Showing posts with label financial markets. Show all posts
Showing posts with label financial markets. Show all posts

Friday, March 20, 2015

Emerging Market Infrastructure

Infrastructure in Emerging Market

On-going rebalancing in global economic power has given rise to unprecedented involvement in investment plans in infrastructure in the emerging markets. Though there are common drivers on infrastructure increase in emerging markets like the requirement of added infrastructure together with goals of sustaining the economic growth and managing the fast growing urbanisation, there is a vast difference in the environment and the challenges faced. While engaging in these opportunities, engineering and construction operations, infrastructure management companies, private materials and financial firms need to consider on –

• Who could be the right local and global infrastructure partners?

• What would be the differences in infrastructure in funding structures?

• How would the bid occur for mega projects?

• Are there any demands for green infrastructure?

For instance, as per PwC and Oxford Economics’ Capital Project and Infrastructure spending outlook to 2025 report, the Asian Pacific market, due to China’s growth is expected to represent around sixty percent by 2025 of the global infrastructure spending while Western Europe’s share is expected to decrease to less than 10% twice as from the last few years back. Infrastructure is defined in various emerging markets with provision to insights on goals, risks and opportunities, challenges that are connected with infrastructure developments in those markets, in PwC’s Emerging Markets Infrastructure Series.

Urbanization – Trend in Emerging Market 

Urbanization is the only trend in the emerging market which means that infrastructure needs to keep up with the pace. As the income tends to rise in several countries, there is a need to indulge in the purchase of cars and roads would tend to be used with the need to have new ones built.

 According to Magee, `in developing markets, private sectors tend to play an important role financially in roads, telecom and power plants and water as well as waste water investment would be critical. Water related companies tend to have a small part of infrastructure universe though are expected to become much more significant going ahead while in Europe, they are in the early stage of transforming power generation from coal. Germany on the other hand needs to make some headway since their nuclear power plant are closing, while China will have to gradually move away from coal incorporating cleaner energy sources from power generation’.

Country Risk/Infrastructure Risk

Emerging markets are about country risk while infrastructure risk is about not taking risk though in the case of infrastructure asset sector, there are provisions of investment and growth and the emerging markets are avenues where there is a great demand for infrastructure capital. Emerging market infrastructure investment does not have to carry the full country risk of the host nation. Sovereign risk is often under the coverage of sovereign risk insurance which is purchased in the commercial market or provided by International Financial Institute – IFI, like the World Bank or any other related global institution.

The net return on sovereign risk after the insurance premiums will exhaust the yield on the credit of the surety provider and when combined with structured project risk, on properly evaded investment, the net return would not probably reach 30% though it could almost reach 20% which according to an asset-based uncorrelated investment could be quite good. Those on the lookout for yield, emerging market infrastructure investment could be part of the solution and for those with global diversification; real assets could be another option to the various listed securities.

Tuesday, October 4, 2011

The Sugar Prices Boosted By The Financial Markets

 The sugar prices have benefited greatly from this week's wave of optimism that has reached the financial markets, this raw material is structurally more susceptible to fluctuations. The concerns weighing on investors again before the weekend, however, have reduced the rise. The latest figures from the Brazilian federation Unica, reports of a further slowdown in September of sugar production in Brazil, world's largest producer, have also allowed the prices to show an upward trend.

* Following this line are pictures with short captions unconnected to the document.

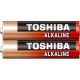 AAA (LR03) 1.5 Volt 2 pieces Long-lasting Red Alkaline TOSHIBA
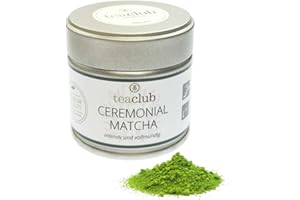 ‎TEACLUB Ceremonial Matcha Japan 30g - Laboratory Tested - First Flush Tencha Leaves Shaded Ceremonial Quality, Green Tea Powder from Kagoshima TeaClub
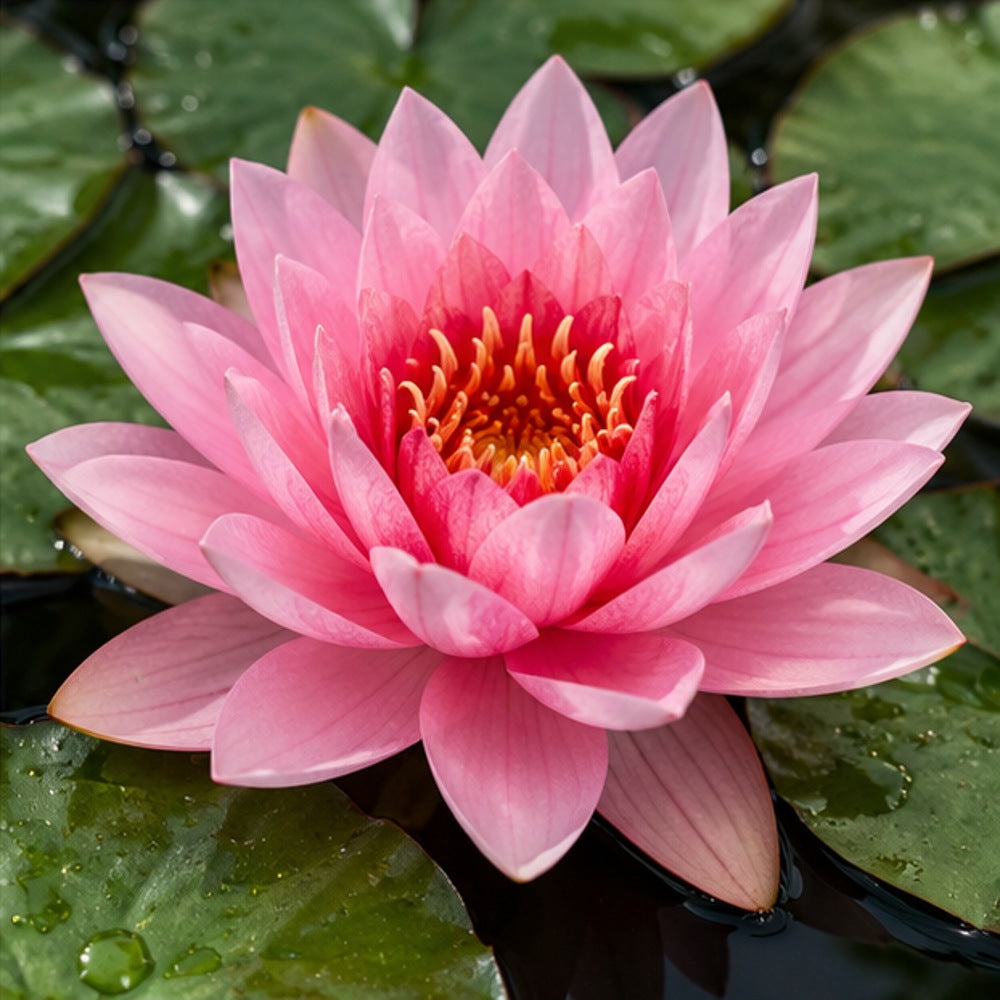Medium Pink Water Lily – Mrs Richmond – representative plant image, actual plant and flowering stage may vary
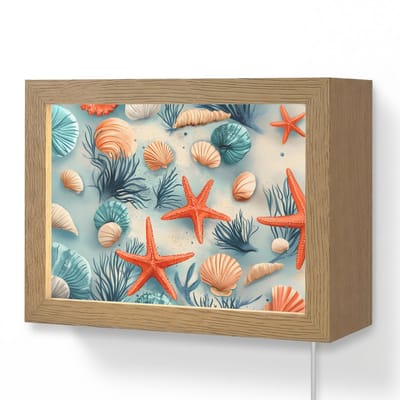 Wandlamp 20x15 cm - Oplaadbaar - Zeesterren - Schelpen - Illustratie - Zand - Wandlampen binnen woonkamer - Slaapkamer lamp met kabel - Decoratieve nachtlamp - Vloerlamp snoer
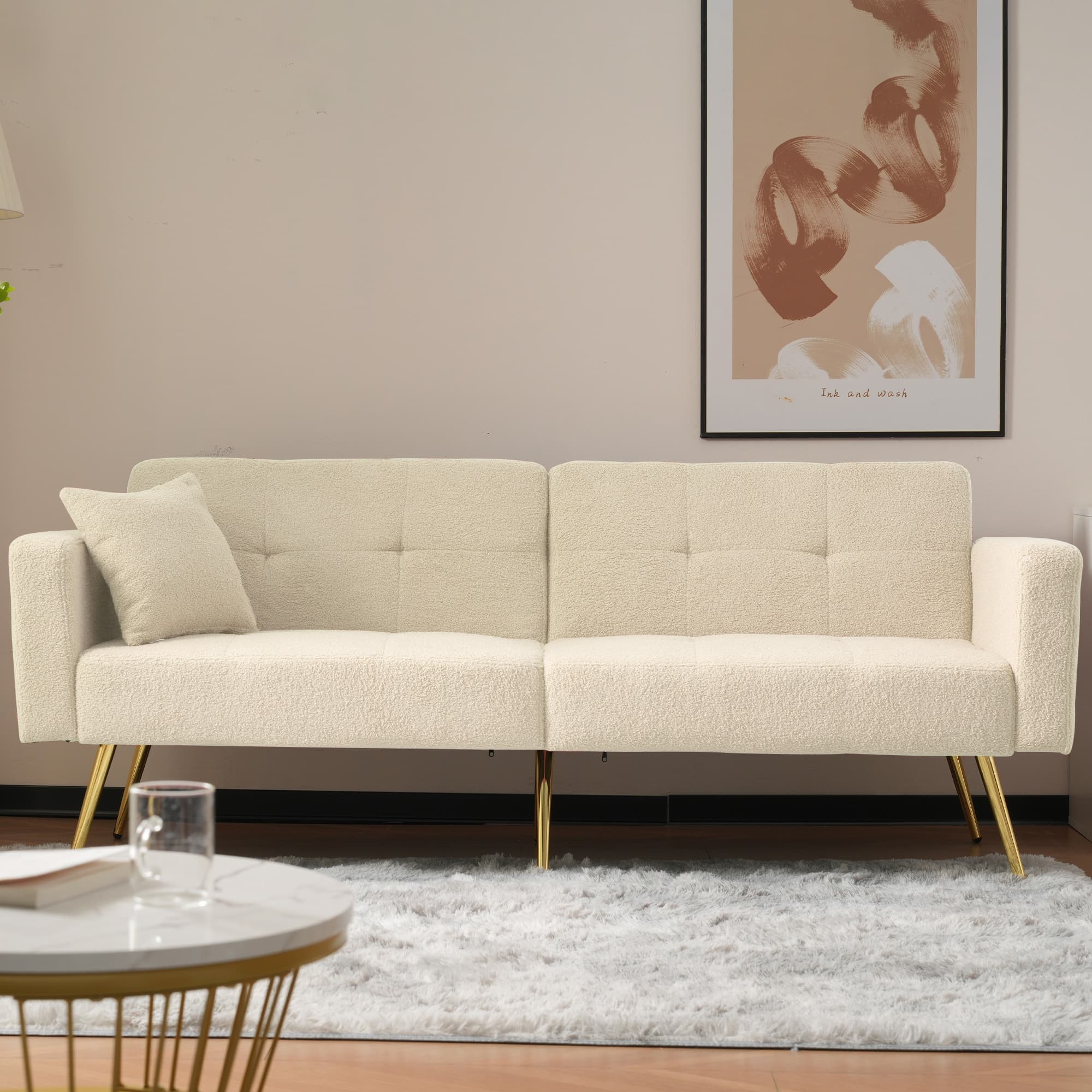 Stylish Sherpa Sofa Bed with Adjustable Back & Gold Legs - image 5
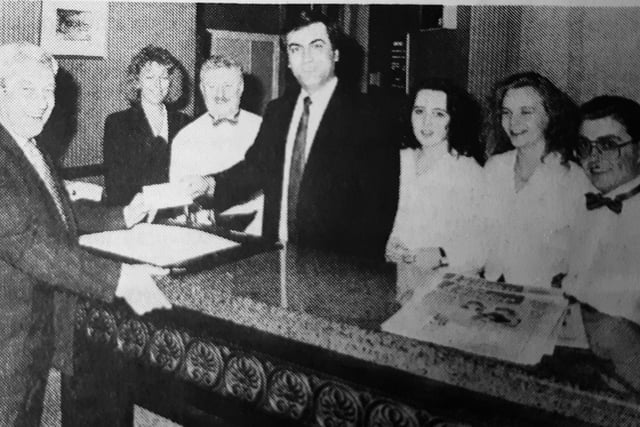 1992 saw huge fundraising efforts for the Sick Kids Hospital in Edinburgh.
Among the many cheques handed over was this one for £1200 from the Parkway Hotel - now known as the Beveridge Park Hotel.
It was raised via Santa parties held during the 1991 Christmas period, and handed over by manager  Charbel Bou Aoun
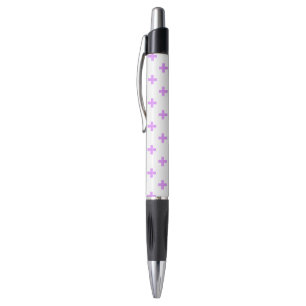 Lilac polka crosses on white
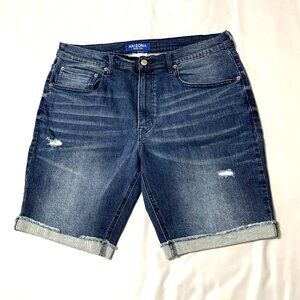 Arizona Men Jeans Shorts Dark Blue Distressed Ripped Size 36 Rolled Hem Classic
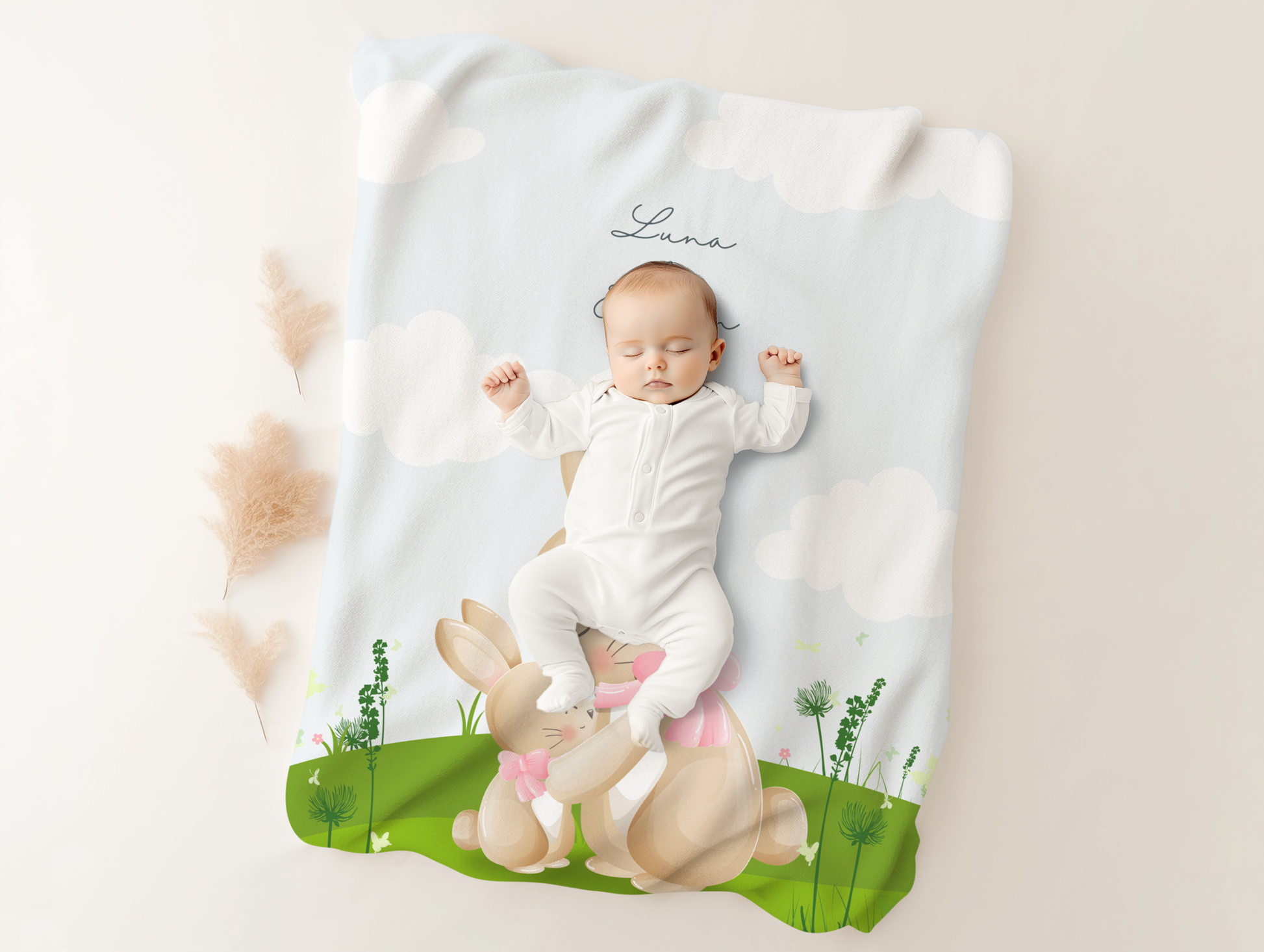 Personalized Mother & Baby Bunny Blanket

However, this weekend, the market's limited gains, concerns about the debt crisis in the European Union take precedence over other rights. Good crop prospects in India and Thailand are also specialists fear that the request is well below the offer. Analysts estimate that in fact the next harvest from these countries and Russia should rapidly offset by volume weakness in Brazilian production. Investors also expect a revival production of sugar beets in the European Union.

According to the International Sugar Organization (ISO), the excess production is forecast at 4.2 million tones during the period from October 2011 to September 2012.  Finally, on Friday at the lunch break, a tone of white sugar for December delivery was worth 657 pounds on the Liffe in London, against 623.30 pounds the previous week about the same time.  On the NYBOT-ICE U.S. per pound of raw sugar for March delivery traded at 25.19 cents against 24.30 cents a week earlier.